**Work request:**
The line holding "George Crionas Hand" is the last one to output; start at the first line of the data, keep every line in between exactly, and leave out pictures.

**Supplied data:**

┏━━

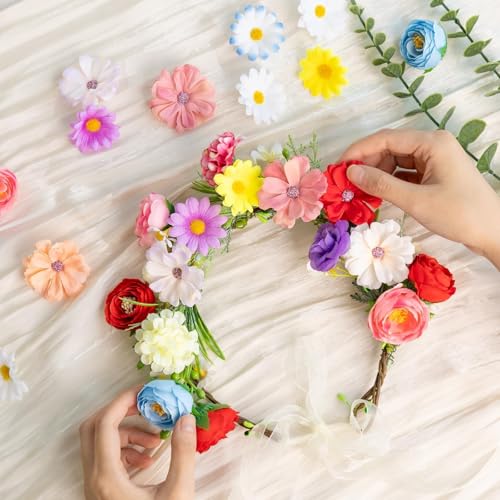 Fake Flower Heads for Crafts, 66PCS Mini Artificial Flowers Bulk, Small Silk Daisy Rose Sunflower Faux Floral Heads for DIY Hair Clips, Wedding Cake, Graduation Cap, Wreath & Party Decoration - color: Bright Colors Mixed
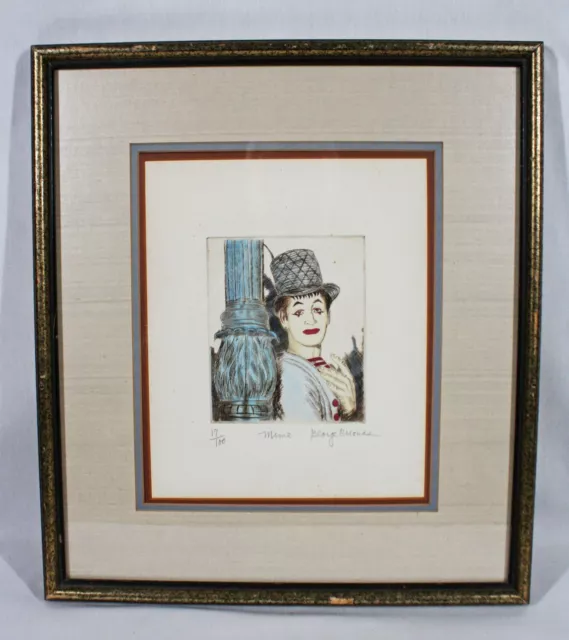 George Crionas Hand Colored Signed & Numbered Print "Mime" Professionally Framed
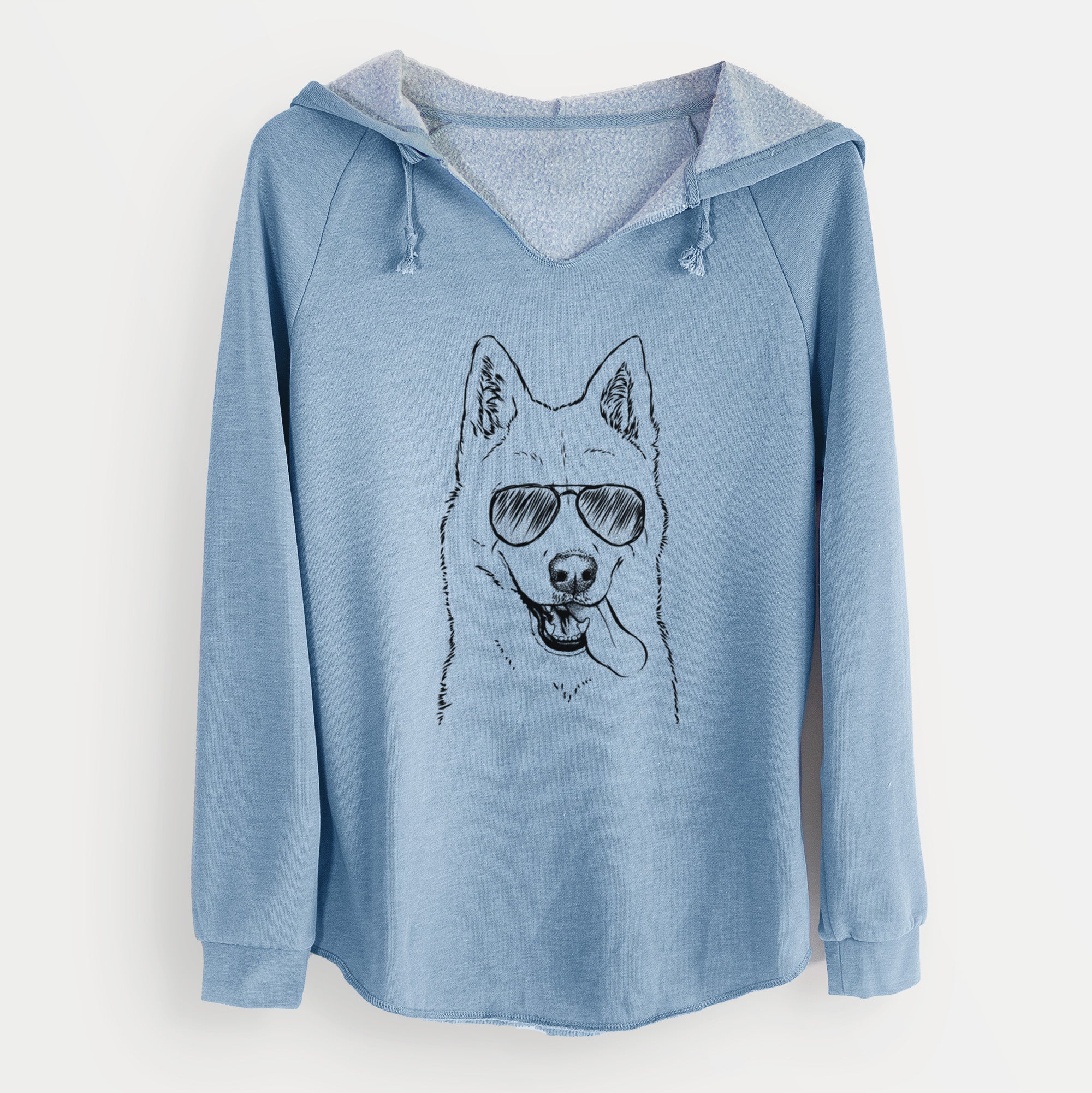 Aviator Sinatra  the Siberian Husky - Cali Wave Hooded Sweatshirt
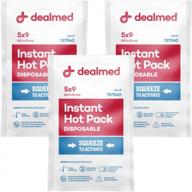 dealmed instant hot pack – pack of 3, 5" x 9" disposable hot packs for injuries, swelling, sprains, muscle soreness and more, single squeeze activation logo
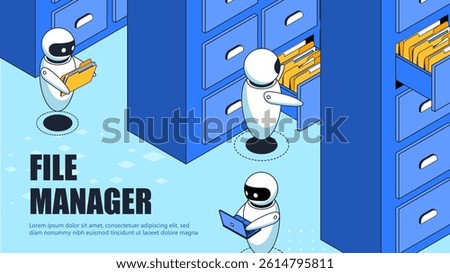 Three cute robots managing file folders and using a laptop in a digital office with blue cabinets on a light blue background. Concept of digital file management. Vector illustration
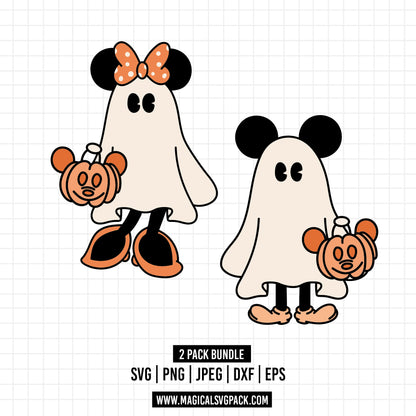 COD1554 - Mickey & Minnie Ghosts bundle, Disney Halloween clipart Svg, Png, Eps, Dxf, Jpeg, vector.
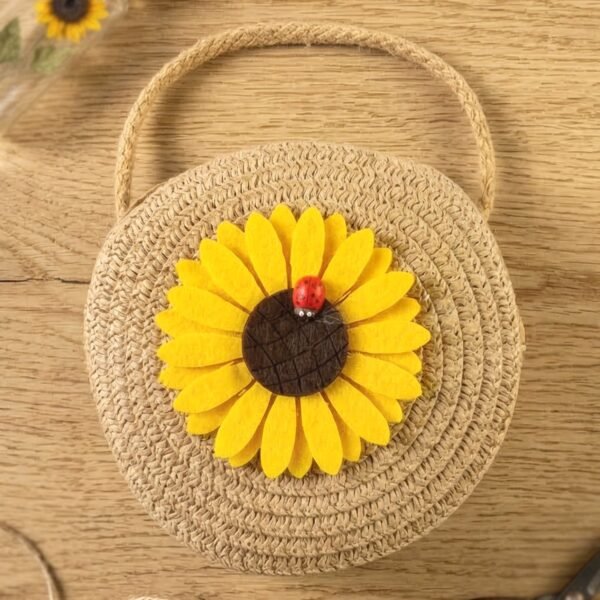Mini Round Crossbody Purse – Trendy sunflower design for casual wear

┗━━

**Answer to the exercise:**
 Fake Flower Heads for Crafts, 66PCS Mini Artificial Flowers Bulk, Small Silk Daisy Rose Sunflower Faux Floral Heads for DIY Hair Clips, Wedding Cake, Graduation Cap, Wreath & Party Decoration - color: Bright Colors Mixed
 George Crionas Hand Colored Signed & Numbered Print "Mime" Professionally Framed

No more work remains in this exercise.